"I'm not stupid; but I don't know anything about money."
"Yes, that's the way you were brought up--as if you were to inherit a million. What have you in point of fact inherited?"
"I really can't tell you. You must ask Edmund and Lilian; they'll be back in half an hour."
"In Florence we should call it a very bad house," said Mrs. Touchett; "but here, I dare say, it will bring a high price. It ought to make a considerable sum for each of you. In addition to that you must have something else; it's most extraordinary your not knowing. The position's of value, and they'll probably pull it down and make a row of shops. I wonder you don't do that yourself; you might let the shops to great advantage."
Isabel stared; the idea of letting shops was new to her. "I hope they won't pull it down," she said; "I'm extremely fond of it."
"I don't see what makes you fond of it; your father died here."
"Yes; but I don't dislike it for that," the girl rather strangely returned. "I like places in which things have happened--even if they're sad things.
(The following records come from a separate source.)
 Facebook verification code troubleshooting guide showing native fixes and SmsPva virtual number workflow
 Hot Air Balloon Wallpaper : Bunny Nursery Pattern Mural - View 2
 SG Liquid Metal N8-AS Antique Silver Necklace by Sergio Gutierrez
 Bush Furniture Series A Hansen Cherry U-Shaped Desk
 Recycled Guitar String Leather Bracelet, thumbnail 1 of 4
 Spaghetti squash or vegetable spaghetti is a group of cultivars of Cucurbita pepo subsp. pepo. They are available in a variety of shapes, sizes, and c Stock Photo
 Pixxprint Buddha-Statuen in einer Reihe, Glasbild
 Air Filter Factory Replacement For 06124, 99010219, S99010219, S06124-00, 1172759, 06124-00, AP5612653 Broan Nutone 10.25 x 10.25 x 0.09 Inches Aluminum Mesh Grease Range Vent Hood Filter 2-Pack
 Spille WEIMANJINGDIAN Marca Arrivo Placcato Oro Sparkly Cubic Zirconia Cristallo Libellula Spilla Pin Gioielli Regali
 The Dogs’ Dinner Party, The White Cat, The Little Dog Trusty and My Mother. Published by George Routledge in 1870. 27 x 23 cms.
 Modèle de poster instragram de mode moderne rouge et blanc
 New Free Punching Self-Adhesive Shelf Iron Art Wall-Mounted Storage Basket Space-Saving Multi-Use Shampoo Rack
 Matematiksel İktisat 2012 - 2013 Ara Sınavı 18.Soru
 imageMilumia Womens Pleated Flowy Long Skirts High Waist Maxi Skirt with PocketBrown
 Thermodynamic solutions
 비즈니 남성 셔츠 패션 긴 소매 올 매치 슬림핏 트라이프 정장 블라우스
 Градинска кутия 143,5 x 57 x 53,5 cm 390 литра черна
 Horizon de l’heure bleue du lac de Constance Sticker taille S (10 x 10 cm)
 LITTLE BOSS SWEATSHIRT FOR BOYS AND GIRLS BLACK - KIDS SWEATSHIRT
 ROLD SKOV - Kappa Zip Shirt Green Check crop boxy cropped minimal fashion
A great many people have died here; the place has been full of life."
"Is that what you call being full of life?"
"I mean full of experience--of people's feelings and sorrows. And not of their sorrows only, for I've been very happy here as a child."
"You should go to Florence if you like houses in which things have happened--especially deaths. I live in an old palace in which three people have been murdered; three that were known and I don't know how many more besides."
"In an old palace?" Isabel repeated.
"Yes, my dear; a very different affair from this. This is very bourgeois."
Isabel felt some emotion, for she had always thought highly of her grandmother's house. But the emotion was of a kind which led her to say: "I should like very much to go to Florence."
"Well, if you'll be very good, and do everything I tell you I'll take you there," Mrs. Touchett declared.
Our young woman's emotion deepened; she flushed a little and smiled at her aunt in silence. "Do everything you tell me? I don't think I can promise that."
"No, you don't look like a person of that sort. You're fond of your own way; but it's not for me to blame you."